I am leaning towards going to Iceland but I am not sure. I had thought about Oslo but I don't hear too many great things about it. I also thought about just going to Gothenburg or back to Helsinki. I loved Helsinki but would like to check out someplace new. I have a few months to figure it out but I am leaning towards Iceland.

Things are just on an even keel here. I am getting back into shape physically. I have been riding more, lifting some and started doing Yoga again. I fucking miss all of that. I do what I can here but working 3 weeks at a pop without a day off tends to wear you out. I have decided to ride this out till October. It allows me to take my trip in Sept. and I am just banking money so fuck it.
I can suck up this crap for 6 more months. I have endured far worse. Regardless of what happens I am out at the end of Oct. and either taking a break or getting another job.

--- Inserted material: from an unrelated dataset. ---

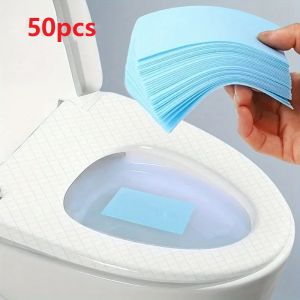 50Pcs Toilet Cleaning Sheets Effervescent Toilet Cleaners Fresh Scent Stain and Odor Eliminato For Home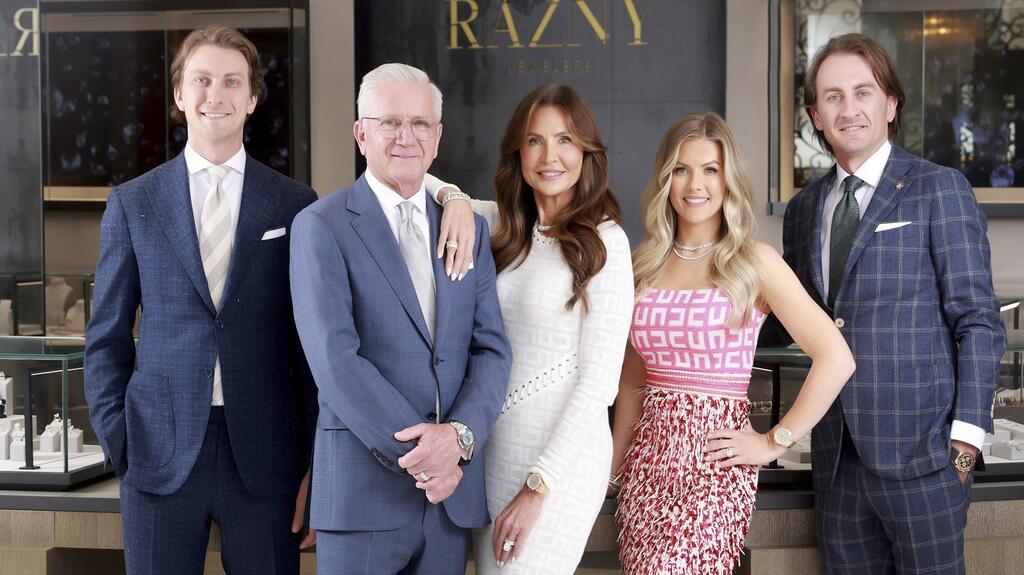 The Razny family, from left to right: Michael Razny, Stan Razny, Ingrid Razny, Christine Razny-Porter, and Eric Razny The Razny family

I am leaving this on here because I need to keep it in mind:

SPOILERS! (Click to view)

I have been in shitville Kosovo for 2.5 years now and it has paid my debt, allowed me to finish my degree, let me travel to a bunch of places and helped my bank account. At the same time it has cost me something. A something I hope I can get back.
I lost some sort of edge I had, some hardness, some anger, some passion, something that drives me and pushes me to go hard. I am lazy here. I don't train hard. I don't read like I used to. I don't write like I used to. I don't talk to my friends. I don't use my mind or my body like I used to and it bothers me. I try, I start back in but never keep it going. The excuses are easier to find here. There is always a reason not to read, not to ride, not to lift, not to run, not to do Yoga.
This place is oppressively drab and off putting. It is so fucking monotonous, every day is exactly the same. The same scenery, the same people, the same job. You would think carrying a loaded weapon every day at work and having to deal with security situations would help keep that edge but the strangling void of suck that this place is kills it.
It seems like I just use this place as an excuse, but so many others are the same. This place makes you unmotivated and lazy. It sucks the life out of you. It makes you want to just lay in bed and watch movies. Use my body and mind? That is so unlike me.
I know it is time to move on, I need to leave here and do something else. I hate the way I am right now and it just keeps going. So I lost that fire in me since I have been here and I feel so soft. I don't feel alive the way I used to. I am in the land of the dead and I am one of the dead, which was never the case. I need that edge back. I need to feel alive again. I need to be how I was.
I need that rage, that anger, that passion, that drive, that desire to be so much more than I had before I came here.
I need to plan my next move and get going. I am on contract until Oct. but may not make it depending on what comes my way.



VIEW 3 of 3 COMMENTS
bully:
no no YOUUU rule the world !

:]
May 25, 2008
nikonphoto80:
Sorry it took me so long to reply.

i am glad that I went, I just wish I would have had some one with me, if I would have had some one with me then I could have talked to them the whole time and not felt so bad just walking around by myself.

I'm glad you like the photos, I have a BFA in photography so I'm really hard on myself because my teachers were always hard on me, I just need to realize that these kinds of photos are just for fun.

I hope the tattoo turns out great.

Well I hope you take a lot of photos when you go there, I want to go there so bad.